Before we begin, however, let us remember those who are no longer with us, those who were dropped from the True Yankee™ honor roll since our last go-round: Willie Randolph (on True Yankee™ probation following his managerial tenure on the sad side of town), Joe Torre (surrendered his True Yankee™ platinum card when he had the nerve to find a new job after being shoved out of his old one) and Phil Hughes (a True Yankee™ would've buried that two-strike fastball to Vlad Guerrero, dammit). Our hearts are no more heavy for their departure.

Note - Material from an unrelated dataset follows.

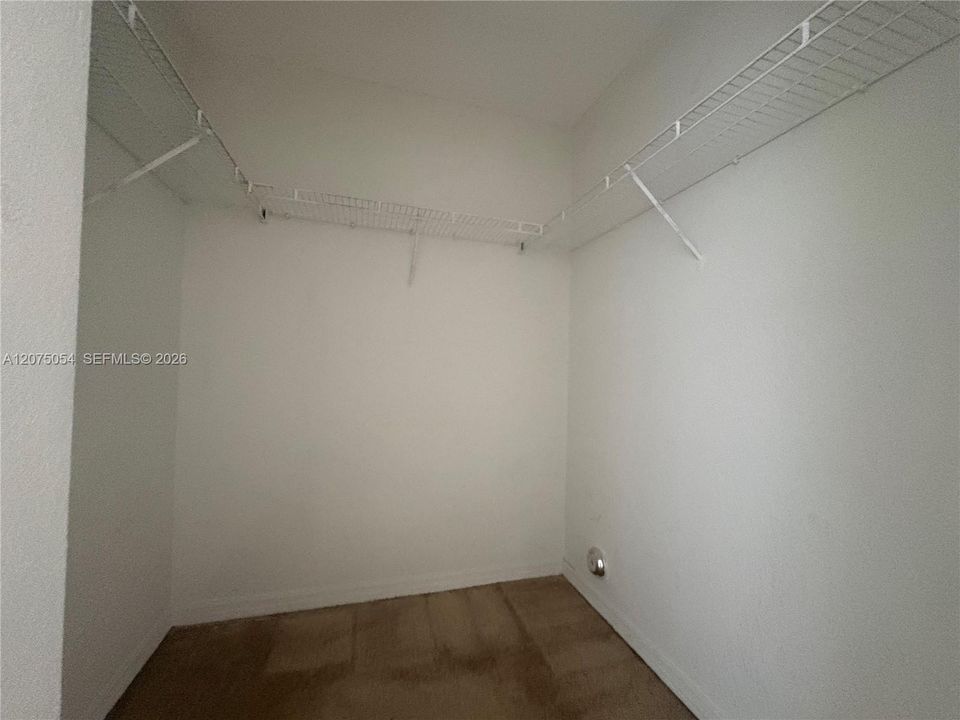 For Rent: $2,400 (3 beds, 2 baths, 1182 Square Feet)
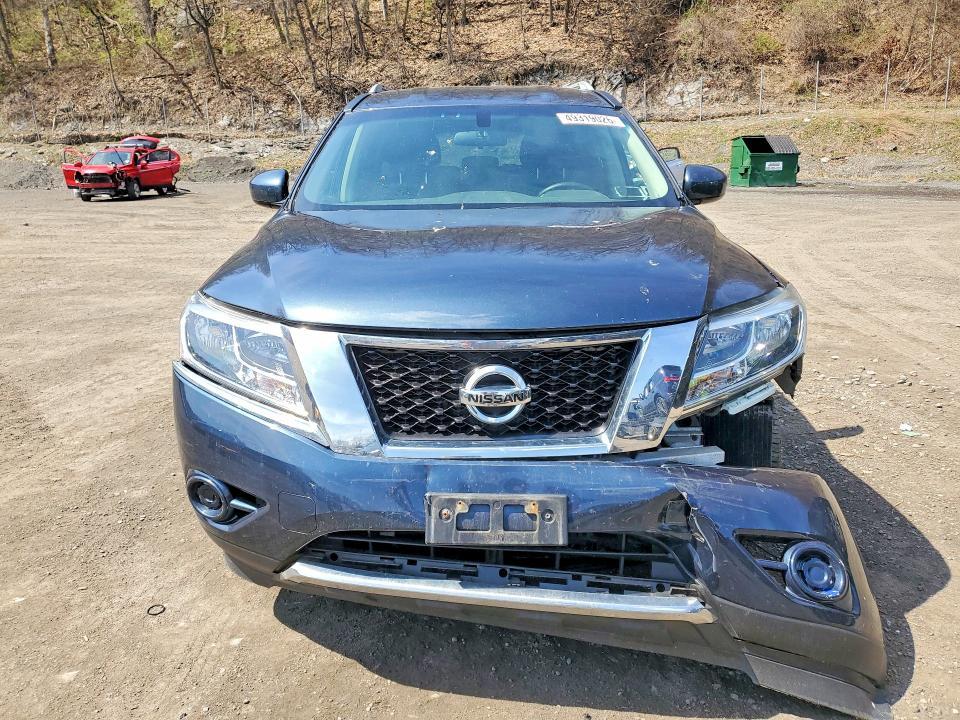 2014 Nissan Pathfinder sv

15. Babe Ruth (previous rank: 13): While it does not violate the True Yankee™ charter to inhale fistfuls of pork-based vittles or consort with women of dubious moral character, Ruth made fellow fitness-and-humility enthusiast David Wells look like Jack LaLanne by comparison. Had The Babe paid more attention to his lumpy-oatmeal abs, maybe he'd have been the unquestioned best player in the history of the game, rather than merely one of the four legit candidates for the top slot. This dereliction of duty renders him slightly less true than the rest.

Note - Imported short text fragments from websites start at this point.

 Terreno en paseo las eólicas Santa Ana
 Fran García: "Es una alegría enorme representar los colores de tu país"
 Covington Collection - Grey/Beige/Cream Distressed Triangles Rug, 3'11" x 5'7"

14. Jorge Posada (previous rank: 6): Tumbled down the chart with an execrable Game 6 against the Angels, during which he tapped into two double plays and left 10 runners on base. True Yankee™ managerial apprentice Joe Girardi never committed such a grand-scale atrocity during his playing days, because he rarely made contact with pitched balls.
13. Paul O'Neill (previous rank: 8): Nobody in True Yankee™ history slammed a helmet after a subpar at-bat with O'Neill's toughness and determination. He whined at the umpires with courageous brio, as if he were arguing on behalf of liberty itself. Alas, O'Neill barely resembles the warrior of his playing days as he banters with Michael Kay (corresponding secretary of the True Yankee™ nominating committee) while wearing bespoke suits and sipping green tea.

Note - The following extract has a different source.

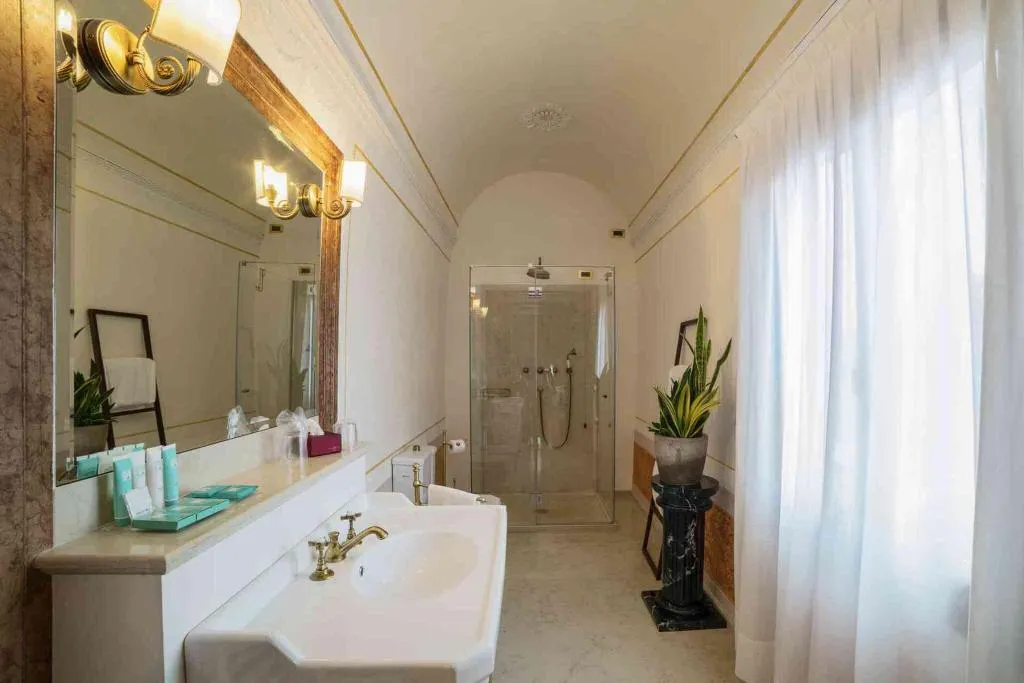 SUITE CANAL VIEW Room, Nani Mocenigo Palace, Venice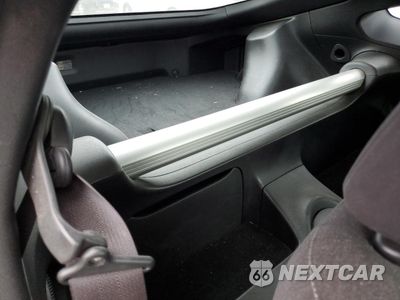 Zdjęcie 10 z 14 samochodu: 2017 NISSAN 370Z BASE VIN:JN1AZ4EH4HM952264 - miniatura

12. CC Sabathia (previous rank: N/A): The Truest Yankee™ of the AL Championship Series earned his button with three dominant postseason starts, which erased his five previous ghastly ones from the record books. He gets the nod over True Yankee™ rotation mainstays of the past -– Whitey Ford, Vic Raschi, Ron Guidry et Al -– owing to a lack of institutional memory among newbie fans clad in replica Joba Chamberlain jerseys.
11. Don Mattingly (previous rank: 11): It's easy to rationalize Donnie Baseball's decision to flutter away from the True Yankee™ nest: He was only sticking around if he got the manager's gig, which would've been folly due to his lack of managerial experience at any level of the game. On the other hand, Mattingly is the lone True Yankee™ not lacing up the cleats this week who lacks championship jewelry for his fingers. He is a casualty of his dark Yankee era.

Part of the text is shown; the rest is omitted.